Return the complete listing exactly as it reads, with each picture removed.

*** DATA FOR THE TASK

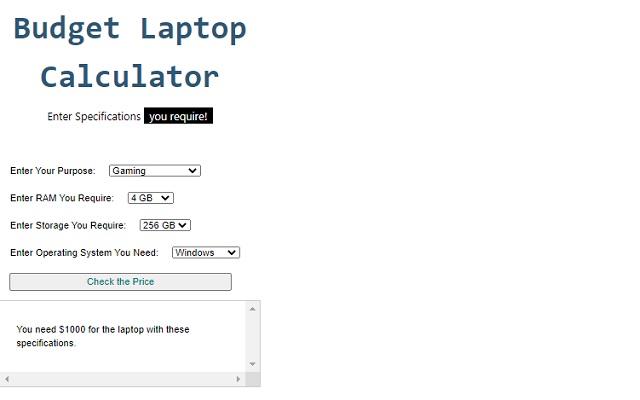 Laptop Budget Calculator from Chrome web store to be run with OffiDocs Chromium online Laptop Budget Calculator from Chrome web store to be run with OffiDocs Chromium online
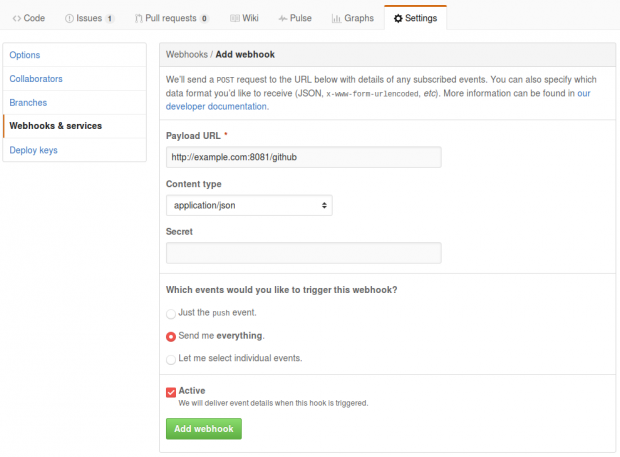 GitHub, Add webhook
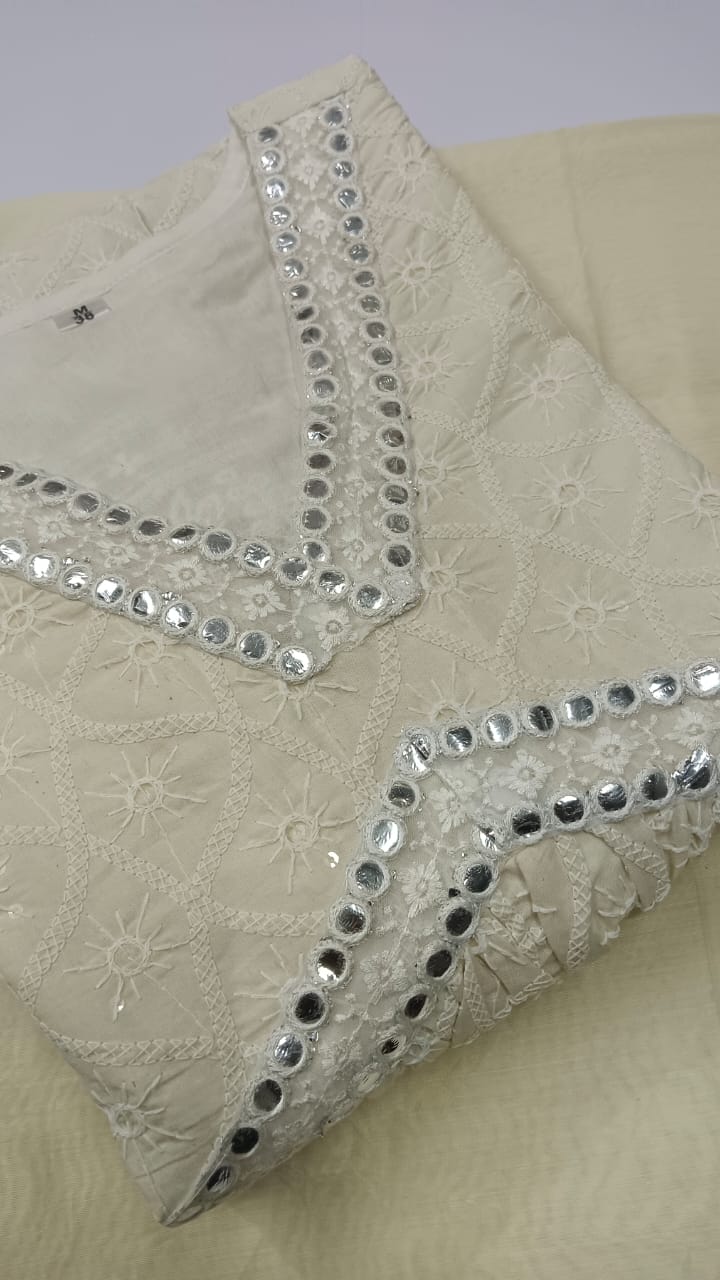 Pure cotton chikankari suit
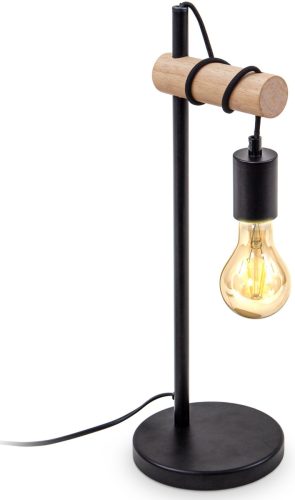 B.K.Licht Tafellamp BK_TL1341 Retro Tischlampe, Stahl, Holz, Rund, E27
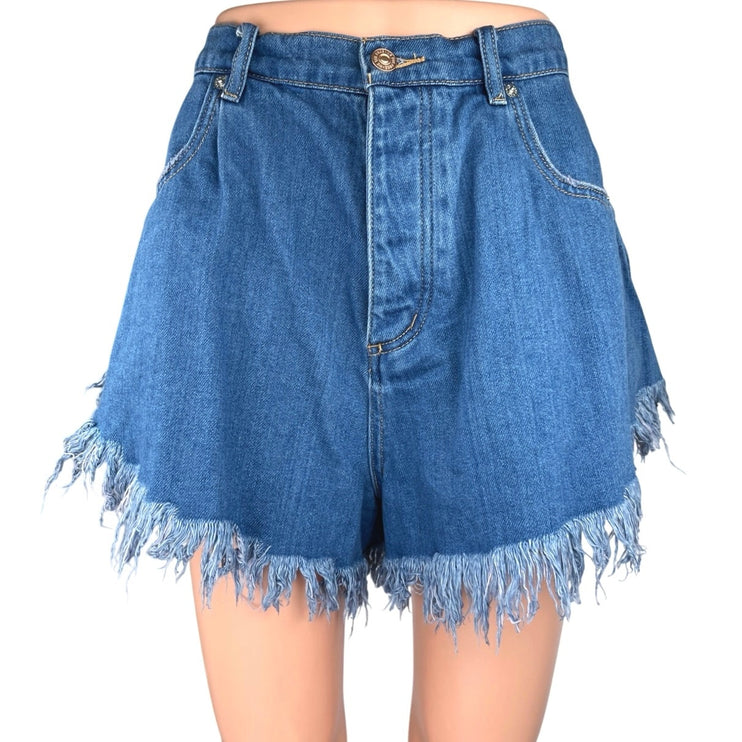 Free People Harlie Fringe Distressed Wide Leg High Waist Denim Jeans Short 29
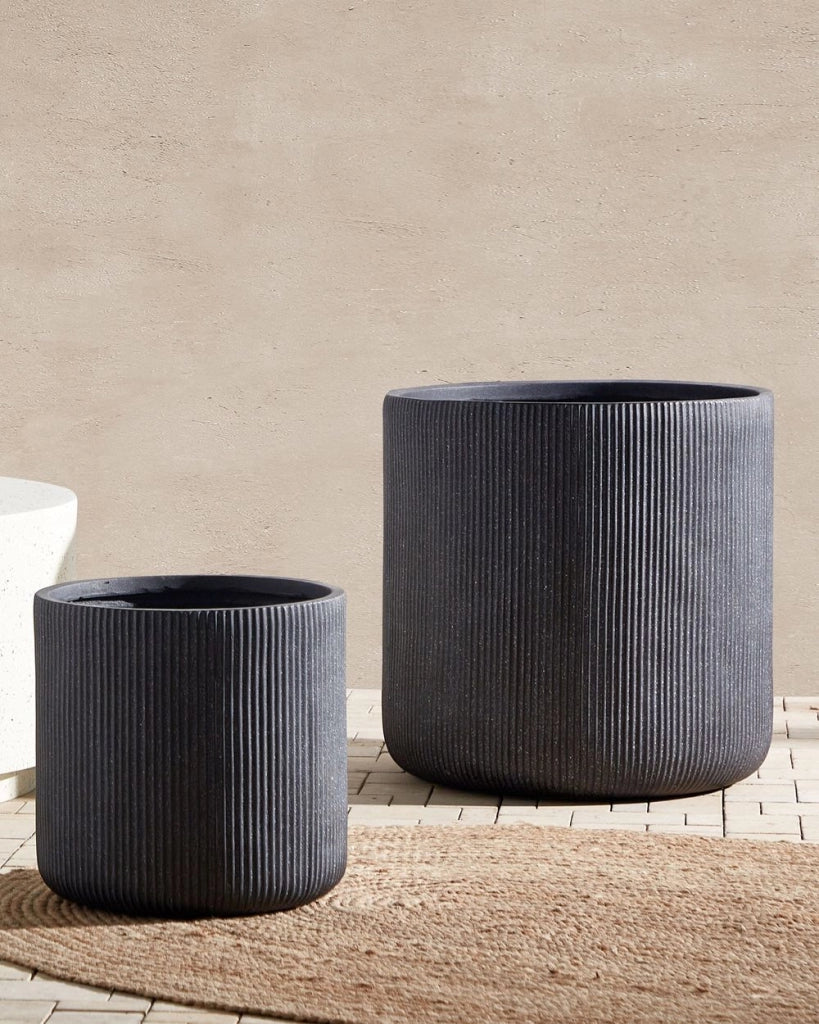 Vaso da fiori per in fibra di argilla grigio 55 x 55 x 55 cm giardino esterno terrazzo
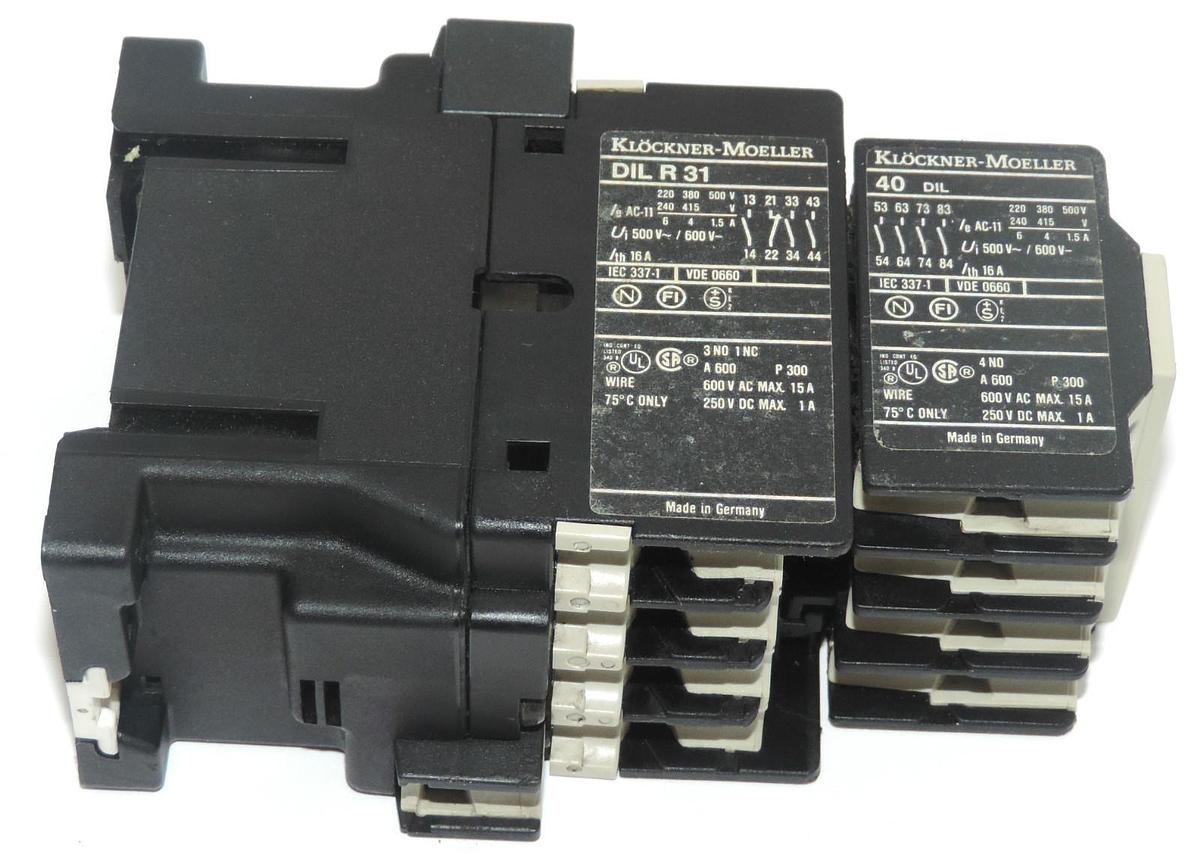 Used KLOCKNER-MOELLER DILR31 CONTACTOR W/ 40DIL SMALL CONTACTOR 220/240V 50/60HZ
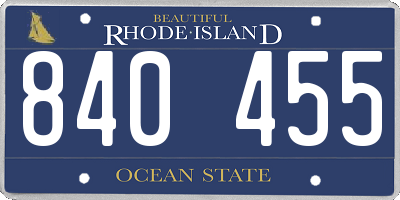 RI license plate 840455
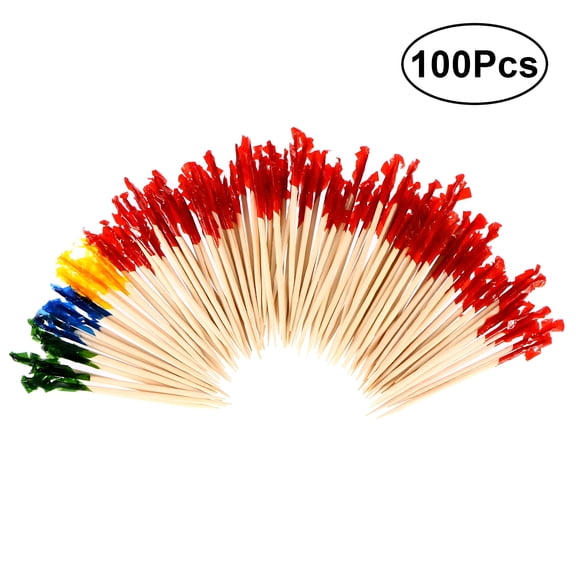 BPPEG Bamboo Cocktail Picks 100 Count Colorful Plastic Strip Flower Picks for Party Supplies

******

● SOLUTION TO THIS PROBLEM:
 Laptop Budget Calculator from Chrome web store to be run with OffiDocs Chromium online Laptop Budget Calculator from Chrome web store to be run with OffiDocs Chromium online
 GitHub, Add webhook
 Pure cotton chikankari suit
 B.K.Licht Tafellamp BK_TL1341 Retro Tischlampe, Stahl, Holz, Rund, E27
 Free People Harlie Fringe Distressed Wide Leg High Waist Denim Jeans Short 29
 Vaso da fiori per in fibra di argilla grigio 55 x 55 x 55 cm giardino esterno terrazzo
 Used KLOCKNER-MOELLER DILR31 CONTACTOR W/ 40DIL SMALL CONTACTOR 220/240V 50/60HZ
 RI license plate 840455
 BPPEG Bamboo Cocktail Picks 100 Count Colorful Plastic Strip Flower Picks for Party Supplies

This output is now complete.